*EXTRACTED RECORDS*:
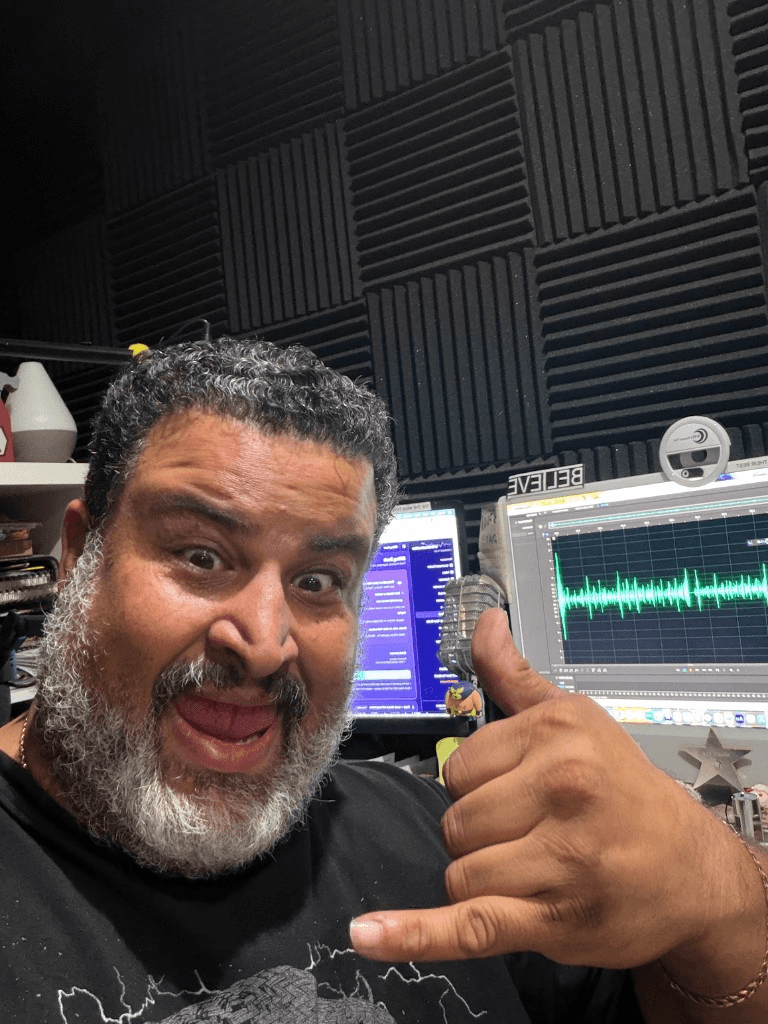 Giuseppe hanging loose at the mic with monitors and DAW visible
---
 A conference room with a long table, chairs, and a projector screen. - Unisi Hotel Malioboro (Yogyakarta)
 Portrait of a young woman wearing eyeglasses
==
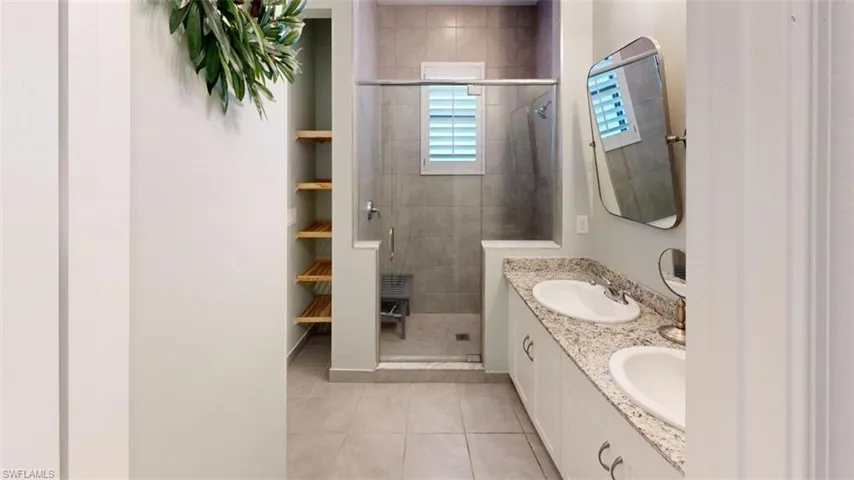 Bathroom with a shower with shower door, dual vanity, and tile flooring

*THE TASK*: Could you repeat exactly the lines above from the line with "A conference room" up to and including the line with "Portrait of a young woman wearing eyeglasses", and only those?

*RESULT OF THIS TASK*:
 A conference room with a long table, chairs, and a projector screen. - Unisi Hotel Malioboro (Yogyakarta)
 Portrait of a young woman wearing eyeglasses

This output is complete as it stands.